Depuis son bureau, au douzième étage du vaste et moderne siège de Siemens, au cœur d’une banlieue industrielle de Vienne, Patricia Neumann peut contempler l’ampleur des changements qu’a connu sa ville natale au cours des vingt dernières années. « C’est massif, surtout quand on pense aux blessures de l’après-guerre »estime ce chiffre d’employeurs viennois, âgés de 53 ans, OMS a pris la tête de la filiale autrichienne de l’entreprise allemande en 2023 après des années à diriger celle d’IBM. Pour ce pro-européen convaincu, cela ne fait aucun doute, « Nous avons profondément bénéficié de l’élargissement » de 2004, lorsque huit pays ex-communistes, dont quatre voisins directs de l’Autriche (République tchèque, Slovaquie, Hongrie, Slovénie), ont rejoint l’Union européenne (UE).

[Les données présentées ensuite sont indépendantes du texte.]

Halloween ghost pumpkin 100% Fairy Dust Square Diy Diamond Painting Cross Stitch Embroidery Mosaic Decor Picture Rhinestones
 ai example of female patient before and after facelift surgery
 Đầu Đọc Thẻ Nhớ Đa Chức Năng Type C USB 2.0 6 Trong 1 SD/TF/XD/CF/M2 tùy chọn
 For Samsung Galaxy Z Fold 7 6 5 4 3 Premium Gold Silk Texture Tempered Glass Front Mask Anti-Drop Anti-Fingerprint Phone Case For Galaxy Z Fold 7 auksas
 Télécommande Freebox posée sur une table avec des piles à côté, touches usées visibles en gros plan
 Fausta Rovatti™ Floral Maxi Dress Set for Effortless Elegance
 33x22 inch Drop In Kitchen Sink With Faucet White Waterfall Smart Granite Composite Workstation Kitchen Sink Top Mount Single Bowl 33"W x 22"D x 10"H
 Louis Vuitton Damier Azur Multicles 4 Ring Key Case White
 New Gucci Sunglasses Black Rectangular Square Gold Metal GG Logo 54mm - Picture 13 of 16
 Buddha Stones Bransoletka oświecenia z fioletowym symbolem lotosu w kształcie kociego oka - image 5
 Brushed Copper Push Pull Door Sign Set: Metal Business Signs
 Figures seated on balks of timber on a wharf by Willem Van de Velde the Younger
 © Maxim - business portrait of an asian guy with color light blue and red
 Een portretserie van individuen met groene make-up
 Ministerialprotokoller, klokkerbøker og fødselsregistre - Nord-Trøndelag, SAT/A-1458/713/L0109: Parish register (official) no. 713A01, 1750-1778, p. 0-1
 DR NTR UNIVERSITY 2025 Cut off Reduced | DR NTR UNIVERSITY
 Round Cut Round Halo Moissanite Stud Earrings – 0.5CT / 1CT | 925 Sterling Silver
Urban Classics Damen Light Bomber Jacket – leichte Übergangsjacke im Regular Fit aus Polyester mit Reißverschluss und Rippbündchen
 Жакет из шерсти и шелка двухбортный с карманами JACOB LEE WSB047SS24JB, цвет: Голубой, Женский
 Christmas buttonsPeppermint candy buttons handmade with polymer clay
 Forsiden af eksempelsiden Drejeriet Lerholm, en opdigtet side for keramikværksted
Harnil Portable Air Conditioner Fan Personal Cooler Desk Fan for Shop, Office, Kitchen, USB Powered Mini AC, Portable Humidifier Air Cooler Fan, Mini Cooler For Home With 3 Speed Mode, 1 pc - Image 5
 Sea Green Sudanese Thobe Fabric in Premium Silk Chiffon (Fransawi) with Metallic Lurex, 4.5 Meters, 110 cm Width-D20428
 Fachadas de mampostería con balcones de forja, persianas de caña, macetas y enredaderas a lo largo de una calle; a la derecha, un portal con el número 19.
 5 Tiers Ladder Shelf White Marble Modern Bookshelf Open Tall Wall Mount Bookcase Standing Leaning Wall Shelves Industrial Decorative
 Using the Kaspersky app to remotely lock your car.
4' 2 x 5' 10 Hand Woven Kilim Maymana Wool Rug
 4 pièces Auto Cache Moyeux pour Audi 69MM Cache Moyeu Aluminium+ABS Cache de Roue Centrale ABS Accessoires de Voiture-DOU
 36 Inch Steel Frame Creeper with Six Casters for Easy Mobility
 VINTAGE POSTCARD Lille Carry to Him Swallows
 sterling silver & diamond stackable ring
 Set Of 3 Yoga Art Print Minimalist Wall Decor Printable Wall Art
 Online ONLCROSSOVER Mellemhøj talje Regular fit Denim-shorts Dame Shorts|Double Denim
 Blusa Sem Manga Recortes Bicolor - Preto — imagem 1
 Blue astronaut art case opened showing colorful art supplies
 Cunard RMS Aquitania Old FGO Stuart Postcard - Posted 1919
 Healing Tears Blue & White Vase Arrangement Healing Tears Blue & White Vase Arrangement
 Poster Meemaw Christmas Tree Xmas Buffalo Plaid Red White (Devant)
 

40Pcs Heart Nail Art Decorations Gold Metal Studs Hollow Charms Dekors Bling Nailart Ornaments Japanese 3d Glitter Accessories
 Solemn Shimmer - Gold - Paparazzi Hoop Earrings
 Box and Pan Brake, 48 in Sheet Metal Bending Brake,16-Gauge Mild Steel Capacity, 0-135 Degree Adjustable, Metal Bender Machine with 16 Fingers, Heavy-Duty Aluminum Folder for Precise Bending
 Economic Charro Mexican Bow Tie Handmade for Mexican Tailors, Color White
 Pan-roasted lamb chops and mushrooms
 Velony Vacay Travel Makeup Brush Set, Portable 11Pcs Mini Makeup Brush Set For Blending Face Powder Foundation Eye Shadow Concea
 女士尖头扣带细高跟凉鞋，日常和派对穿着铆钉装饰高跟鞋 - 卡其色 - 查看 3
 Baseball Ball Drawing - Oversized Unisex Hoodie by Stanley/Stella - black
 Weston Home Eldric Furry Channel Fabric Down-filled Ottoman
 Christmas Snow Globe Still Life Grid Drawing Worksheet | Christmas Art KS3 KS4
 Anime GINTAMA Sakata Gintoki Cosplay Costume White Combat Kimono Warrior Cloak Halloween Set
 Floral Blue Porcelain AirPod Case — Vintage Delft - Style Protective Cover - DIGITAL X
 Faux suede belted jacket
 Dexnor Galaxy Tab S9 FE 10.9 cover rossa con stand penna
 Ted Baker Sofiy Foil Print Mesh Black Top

Avec son allure futuriste, le campus de Siemens City est un parfait exemple de cette renaissance de l’ancienne capitale des Habsbourg intervenue grâce aux différentes vagues d’expansion de l’UE vers l’Est menées jusqu’en 2013. Elles ont soudainement placé la belle endormie des rives de la Le Danube au centre de la carte du Vieux Continent. Inauguré en 2010, le campus Siemens a parfaitement rempli son objectif : faire de Vienne la tête de pont du conglomérat allemand pour conquérir les nouveaux marchés de cette « nouvelle Europe » dont les frontières commencent en Hongrie, à 70 kilomètres à l’est de Vienne.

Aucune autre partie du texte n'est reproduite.